Azure provides several automated tests to help identify unhealthy virtual machines (VMs). By using these automated tests, you can remove unhealthy VMs from the fleet when they're discovered, and before customers have a chance to access them. However, sometimes these automated tests don't catch every unhealthy VM.

Note

The automated health checks in Azure are continually updated and improved.

Some HPC applications, especially tightly coupled HPC applications, are sensitive to unhealthy VMs. This sensitivity can cause an HPC application to have a runtime failure or run more slowly than expected. The chances that you might encounter an unhealthy VM increase as the scale of your tightly coupled HPC application increases.

As a precaution, you should run your own health checks, especially when you're running tightly coupled HPC applications at scale. Running your own health checks increases the probability that you'll continue to run your HPC applications optimally at scale.

We recommend that your VM health checks verify that the following components are working and performing as expected: InfiniBand network, memory, storage, and CPU cores.

InfiniBand health checks

In most scenarios, measuring point-to-point InfiniBand latency and bandwidth via a ping-pong test (sending and receiving a message) is enough to verify the health of the InfiniBand network.
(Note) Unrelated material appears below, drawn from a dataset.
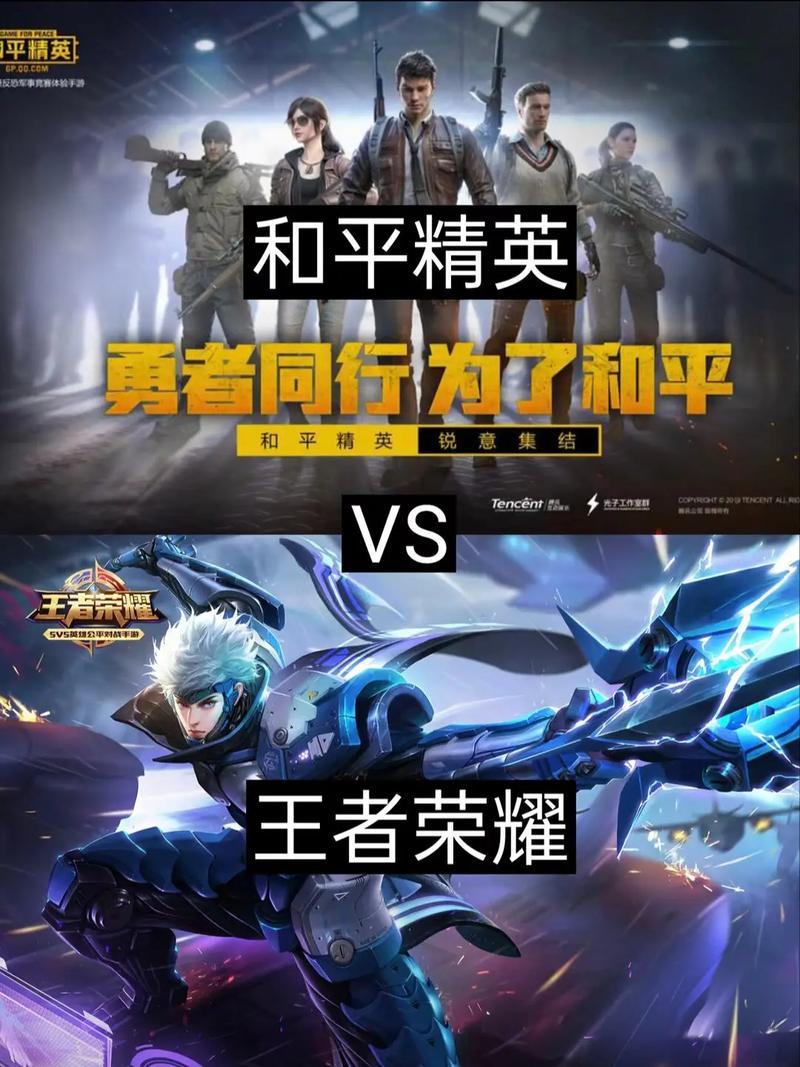 王者荣耀与和平精英哪个好玩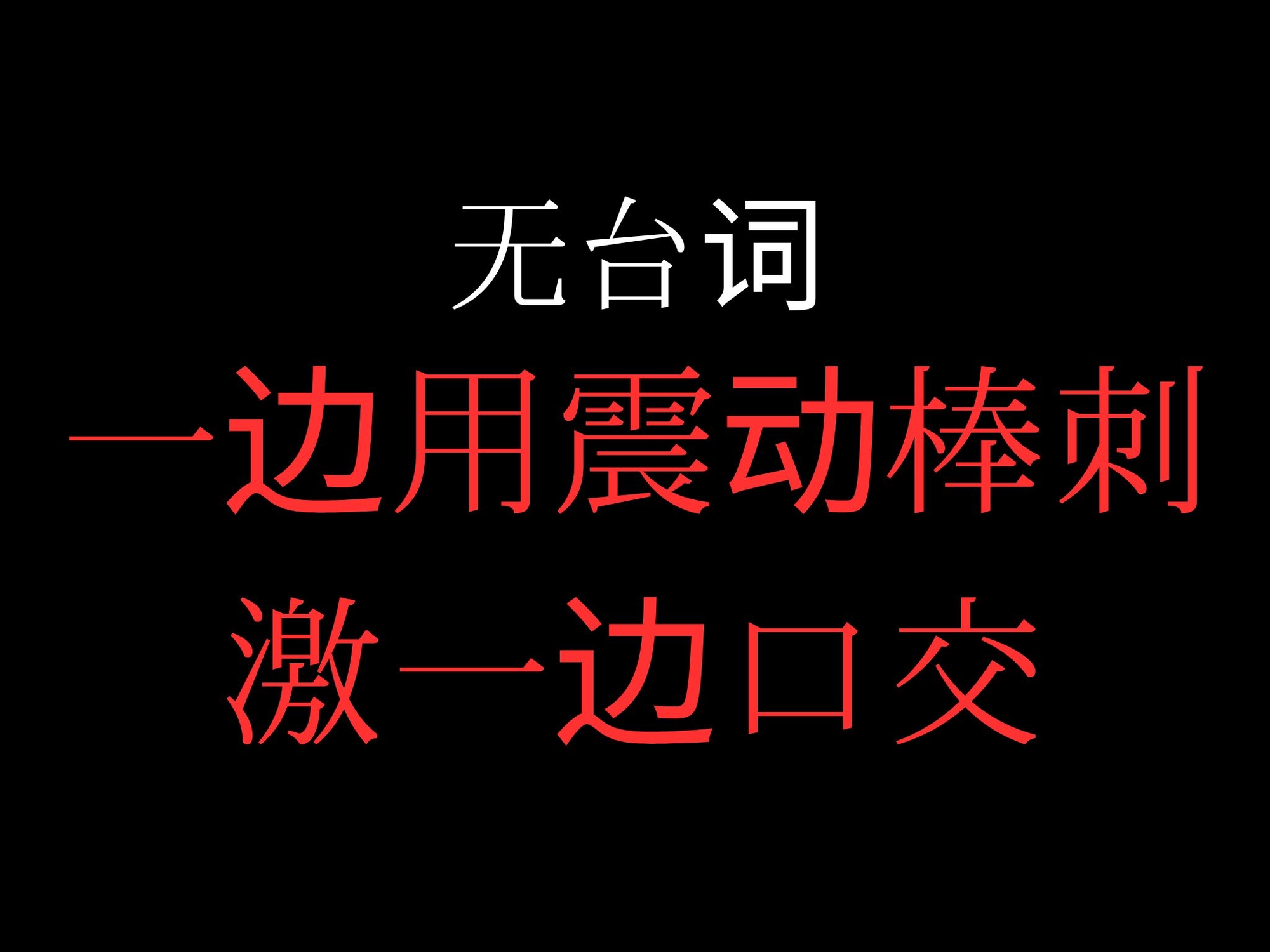 ひたすらバイブ当てクンニでおまんこぐちょぐちょ♡【セリフ無し_대사 없음_無台詞】-1画像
The Intel IMP-MPI1 PingPong test is a useful option because it's prebuilt and available on the CentOS HPC 7.7+ image in Azure Marketplace. There's a version included in the Intel MPI environment and a version in the HPC-X MPI environment, though you'll typically get the best latency and bandwidth performance by using the HPC-X version. Scripts to run Intel IMP-MPI1 PingPong tests are available in the IMB-MPI benchmarks project.

The following table illustrates the expected InfiniBand network latency and bandwidth measured through an HPC-X Intel IMB-IMP1 PingPong benchmark on HPC VMs. Values that are outside the following ranges are considered unhealthy.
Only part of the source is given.